Power to the Pink! A Conversation with Dr. Myrna Santiago, director of the Women’s and Gender Studies Program
“We’re small, but we’re pretty mighty.” Anyone familiar with the Women’s and Gender Studies (WaGS) program knows this to be true. I sat down with Dr. Myrna Santiago, head of WaGS, to talk about the history and future of WaGS in honor of Women’s History Month.
Santiago shared that the program plays an integral role in student life. “The key to understanding Women’s and Gender studies on campus is that it is an academic program that is just smack in the heart of the liberal arts,” she shared. “This means we look at society from a critical standpoint and every single possible way.” Regardless of whether students are majoring or minoring in the field or just taking one or two classes, “they will acquire a vocabulary that allows them to interpret the word.” Santiago continues, “what Women’s and Gender studies does is that it provides certain tools and certain language and vocabulary to analyze their experiences critically and in larger contexts.”
For many students, this is a lifeline. “In their daily lives, [students] can decide, and they have decided at different points, that there are things that are wrong with the world,” Santiago states. “And, since their immediate world is Saint Mary's, [they realize] there are things that are wrong with Saint Mary’s and that they can analyze what's wrong and do something about it because they have seen in their Women’s and Gender studies classes how other groups of women at other points in time have discovered the same thing and have done something about it.”
However, the impact of WaGS goes way beyond the classroom. “Our role on the campus [is to be] a resource for the entire campus on any issue that has to do with women, gender, or sexuality because that's what we know,” Santiago shared. “That's what the different faculty know, that's what we study, that's what we do in the classroom every day. So in that sense, like we're the experts. That's our role: to be the experts on these questions. And we're always very happy to work with other colleagues and with the administration on whatever they need to know.”
WaGS, which has been a unique program for many years, gives students the opportunity to take classes that are relevant to their identities and experiences. “We've been on campus for 25 years developing a curriculum that does a couple of things, and this is one of the trademarks of Women’s and Gender studies as an academic program, one is that we do like to listen to our students and what our students want to know and want to learn,” Santiago shared.
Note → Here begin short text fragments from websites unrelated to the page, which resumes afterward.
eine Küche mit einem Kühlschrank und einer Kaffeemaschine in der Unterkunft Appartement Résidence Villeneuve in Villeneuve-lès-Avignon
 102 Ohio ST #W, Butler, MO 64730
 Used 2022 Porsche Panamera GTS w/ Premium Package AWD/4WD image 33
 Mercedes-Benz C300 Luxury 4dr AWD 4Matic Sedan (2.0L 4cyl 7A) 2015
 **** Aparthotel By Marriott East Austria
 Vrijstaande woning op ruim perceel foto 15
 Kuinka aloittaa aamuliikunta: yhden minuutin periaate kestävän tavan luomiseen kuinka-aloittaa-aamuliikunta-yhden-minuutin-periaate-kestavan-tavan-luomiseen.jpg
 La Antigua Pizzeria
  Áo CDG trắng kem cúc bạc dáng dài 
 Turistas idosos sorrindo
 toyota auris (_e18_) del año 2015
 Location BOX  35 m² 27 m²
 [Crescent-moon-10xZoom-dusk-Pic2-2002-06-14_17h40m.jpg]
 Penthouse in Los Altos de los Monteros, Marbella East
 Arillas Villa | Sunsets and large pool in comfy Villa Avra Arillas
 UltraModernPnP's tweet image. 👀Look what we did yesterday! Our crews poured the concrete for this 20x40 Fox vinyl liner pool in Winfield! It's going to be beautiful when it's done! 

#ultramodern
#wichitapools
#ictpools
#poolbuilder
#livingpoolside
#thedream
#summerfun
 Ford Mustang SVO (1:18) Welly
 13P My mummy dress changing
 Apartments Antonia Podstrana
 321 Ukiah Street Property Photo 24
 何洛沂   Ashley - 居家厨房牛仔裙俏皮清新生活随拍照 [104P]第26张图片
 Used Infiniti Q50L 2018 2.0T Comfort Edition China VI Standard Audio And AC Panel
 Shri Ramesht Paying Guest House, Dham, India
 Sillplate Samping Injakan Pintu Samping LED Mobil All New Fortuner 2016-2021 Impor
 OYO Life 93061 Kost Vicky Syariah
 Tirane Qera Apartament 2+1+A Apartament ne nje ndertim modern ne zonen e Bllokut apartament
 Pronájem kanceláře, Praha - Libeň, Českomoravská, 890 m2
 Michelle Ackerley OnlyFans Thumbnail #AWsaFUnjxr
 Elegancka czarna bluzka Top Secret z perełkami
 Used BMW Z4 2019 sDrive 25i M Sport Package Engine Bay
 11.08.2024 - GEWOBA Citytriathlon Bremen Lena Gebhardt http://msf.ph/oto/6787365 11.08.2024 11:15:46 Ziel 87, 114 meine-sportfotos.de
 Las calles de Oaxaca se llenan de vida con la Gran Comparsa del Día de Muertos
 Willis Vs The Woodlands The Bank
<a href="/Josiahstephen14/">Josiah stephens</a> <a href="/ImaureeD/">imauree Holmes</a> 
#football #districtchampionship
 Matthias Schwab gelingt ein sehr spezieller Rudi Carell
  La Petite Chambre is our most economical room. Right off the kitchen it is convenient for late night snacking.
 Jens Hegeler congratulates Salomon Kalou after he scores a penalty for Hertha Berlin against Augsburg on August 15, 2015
Women’s and Gender studies is thus expanding their curriculum with the permanent institution of three new courses: Masculinities, Queer Theories, and The History of Women, Gender, and Sexuality (which Santiago teaches).
Along with being in meaningful conversation with the needs of students, the program also works to support faculty members in the field. “We find out who the new faculty that are getting hired are,” Santiago shared. “Do they have any interesting interests that have to do with women and gender? How can we welcome them? How can we make room for them to teach classes of women and gender studies? Something that we're totally in tune with is who's out there. Who's interested. How can we support new faculty, particularly faculty of color in terms of their teaching their academic interests?”
Further, the program is notorious for recruiting some of the biggest names to speak on campus. A few include Angela Davis, Winona LaDuke, Alice Walker, Ruth Rosen, Adrienne Rich, Sister Joan Chittister, bell hooks, Eve Ensler, Gloria Steinem, and Anita Hill.
At the heart of WaGS, then, is their dedication to serving the SMC community. Santiago elaborated that “we play all these different roles at the school always, always, always with the idea that we can't rest on our laurels and that we're not afraid to point out basic injustices that have to do with women, gender, or sexuality, and that's our role both in the classroom and then outside of the classroom.”
The importance of his dedication became most apparent in 1998 when sexual assault was running rampant on the Saint Mary’s campus. “One of the unfortunate, for lack of a better word, facts of living in a patriarchal society is that rape is one of the manifestations of the domination of women. So Saint Mary's was not exempt from that. No college ever has been,” Santiago said.
“So, in the late nineties, we had a series of particularly egregious cases of sexual assault on campus, and the students, not just women and gender studies, but a group of students became really upset about the way in which the college was handling the matter,” she continued. “The women decided ‘we're going to do something about it.’ So when they decide to do something about it, there were a number of those students in Women's studies [the WaGS’s previous program name] at the time. And they come to the faculty of Women's studies and say, this is what we're doing.”
“The program had to decide what their role was, and the position of the faculty at the time was like: Well, it's a no-brainer, right? It's solidarity with our students. Whatever they're going to do, we're going to be supportive of them,” she shared. Through the efforts of the students and support from the department, the initiative was successful. Several protests and hunger strikes later, Saint Mary’s would see the “Blue Lights” on campus, changes in language in the student handbook, and, most notable, the Center for Women and Gender Equity (CWGE), formally known as the Women’s Resource Center (WRC).
Now, why the pink gloves, do you ask? It’s all a part of the same story. The gloves came after the students “decided they wanted something to mark them, their pride in their activism, and their pride in actually having accomplished something really important, which was to have the college be more responsive to survivors of sexual assault,” said Santiago. However, the gloves stuck. “Once they picked the pink gloves that they were going to wear at graduation, then hot pink became like the color of Women’s and Gender Studies,” Santiago shared. Students in the WaGS program continue to don the iconic gloves during graduation as a sign of community with the activists in the department.
In the future, WaGS has a lot going on with an archive project done in conjunction with the Library to to document event posters, course listings, and other artifacts from the program. WaGS is also looking ahead to potentially have SMC host “New Leadership,” which is a “summer institute to prepare college aged women to become active in the political arena,” according to Santiago.